Grwp Gwalia strike to defend pay and conditions

Neath Port Talbot council outsource pay cuts

Care workers who were transferred from Neath/ Port Talbot Council to Grwp Gwalia, two years ago, have taken their first 24 hours of strike action as part of the campaign to retain their terms and conditions.

Unison members were on picket lines this morning and attended a large, lunchtime rally next to Grwp Gwalia's headquarters in Swansea.

Alan Thomson, Grwp Gwalia Unison rep in the Swansea office told the meeting that Gwalia were targeting the Care and Support workers first but would then go for other workers later. Some members could lose up to £600 a month, with others being forced to accept different shift patterns and performing different roles.

The overwhelming vote for strike action flies in the face of managements' public claims that 95% of the staff are happy with their new contracts.

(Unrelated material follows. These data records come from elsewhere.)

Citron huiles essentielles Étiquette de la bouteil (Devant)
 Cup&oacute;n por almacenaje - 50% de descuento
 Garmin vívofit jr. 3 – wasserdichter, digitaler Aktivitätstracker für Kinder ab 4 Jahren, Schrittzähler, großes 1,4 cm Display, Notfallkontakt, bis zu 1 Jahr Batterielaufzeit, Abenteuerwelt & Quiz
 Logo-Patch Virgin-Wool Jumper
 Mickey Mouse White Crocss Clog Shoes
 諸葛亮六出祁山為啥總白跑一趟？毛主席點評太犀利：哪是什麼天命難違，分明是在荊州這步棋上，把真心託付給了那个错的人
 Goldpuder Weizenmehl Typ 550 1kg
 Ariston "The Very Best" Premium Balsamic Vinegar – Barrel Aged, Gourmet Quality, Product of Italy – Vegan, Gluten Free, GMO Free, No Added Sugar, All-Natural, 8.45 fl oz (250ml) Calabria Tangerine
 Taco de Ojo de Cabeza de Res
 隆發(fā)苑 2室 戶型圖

Many Care Workers reluctantly signed the new contracts under duress after the intimidating approach by management.

This dispute mirrors the Doncaster Care workers struggle and highlights the dangers of outsourcing.

Unison members who transferred to Grwp Gwalia had their terms and conditions 'protected' by a TUPE transfer agreement for two years and it was exactly two years later, to the day, when Grwp Gwali presented the workers with new contracts of employment with less pay and worse terms and conditions.

Labour council's across the country, like Neath/Port Talbot, try and portray outsourcing as a viable alternative in managing the cuts but the example of Grwp Gwalia is yet another confirmation of workers being forced to pay the price because the Welsh Labour Government and Labour Councils refuse to fight the ConDem cuts.

Despite some local difficulties today's strike was a success with Unison members learning some important lessons in preparation for the next round of action.